Knitting mistakes as a metaphor for life

If only our creations were as perfect as this rose!

Can grappling with mistakes in your knitting help you to understand and cope with the more important ones you’ve made/are making in real life? Perhaps they can, if you allow those lessons to swarm up from your subconscious.

From the first day you embark on a new skill, like knitting, playing an instrument, or riding a bike, you make mistakes. As you become more proficient you make fewer mistakes, but mistakes will always happen, they’re called accidents—just ask my husband, who went ass-over-teakettle on his bike and broke his collarbone a few years ago.  It wasn’t because he’s not a proficient cyclist!  As a novice knitter, the mistakes seem huge and unmanageable, disheartening.  You think, “I have to go back and do that AGAIN??”  If you can get past that point, as in most disciplines, the mistakes become easier to manage.

As a musician, I’m used to these “accidents”  (brass players call them “cacks”), but I’m not sure that has helped me as a knitter.  Except when I remember the major difference between them: when I make a mistake in my knitting you don’t notice it from a great distance away!  As you become more proficient at knitting, the act of “tinking” (or going back, stitch by stitch) or “frogging” (think of “rip-it, rip-it, rip-it”) to get back to where the mistake is doesn’t seem as daunting.  As at least one of my lovely mentors at my LYS (local yarn store) has told me, “it’s all just knitting, and we love knitting, right?”

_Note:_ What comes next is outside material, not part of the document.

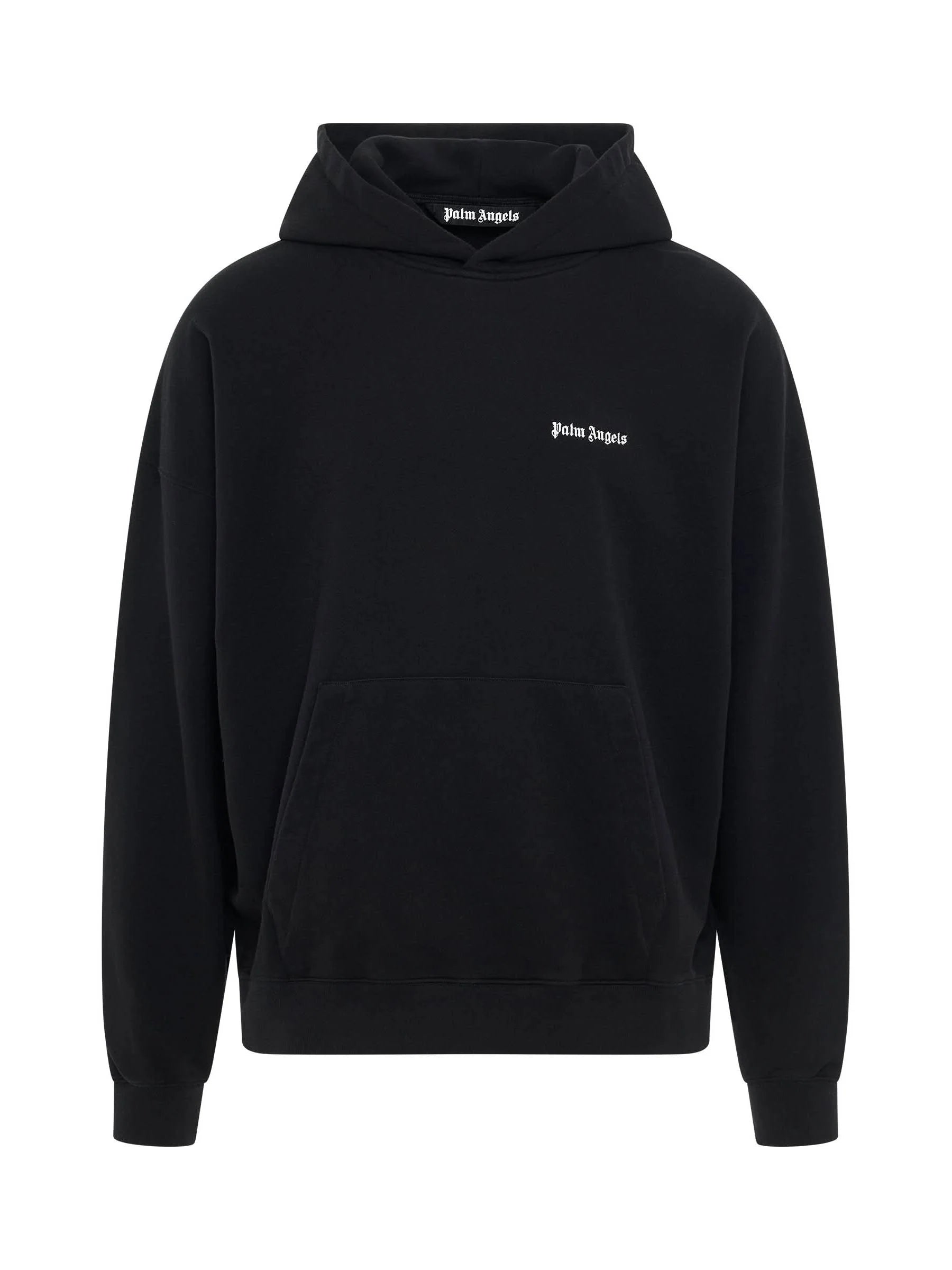 Cotton Embroidered Logo Hoodie in Black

I’m learning  to assess the mistake: can I fix it without undoing my knitting? If not, can I live with the mistake? Some mistakes are purely aesthetic, some are structural, so that’s another assessment that has to be made. For example, if you drop a stitch there’s no choice, you must fix it or your knitting will unravel. A no-brainer, except figuring out how (and for that there’s YouTube!).   However, an aesthetic mistake can cause hours or days of philosphical soul-searching to resolve.

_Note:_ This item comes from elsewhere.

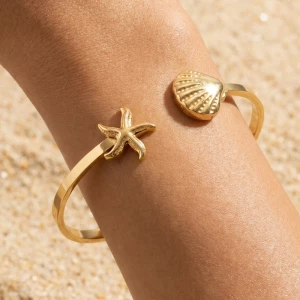 Stainless Steel Starfish And Shell Cuff Bracelet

Let’s take an example from my own recent project called “Vertices Unite” by the aforementioned Stephen West.  This is a gigantic shawl (made more so by my looser-than-desirable stitch gauge!) and I’ve already made a couple of aesthetic mistakes. The trouble with this particular project is that undoing the knitting is not as straightforward as I’m used to because the pattern calls for you to slip the first stitch of each row and pick up stitches as you go to attach sections together…anyway, not very complicated except when you’re having to tink or frog back.  Then I find it hard.  For that reason, and because the rows are so long, I’ve decided for those particular mistakes I’m going to turn a blind eye.  Or, as my Mom used to say, “a man on a galloping horse would never notice!”  Of course it’s a bummer  that it’s not perfect, but isn’t that also a metaphor for life?  Sometimes you have to look at the big picture with your eyes a little squinted, and then it looks fine!

Happy knitting!

Hands up if you can spot my mistakes!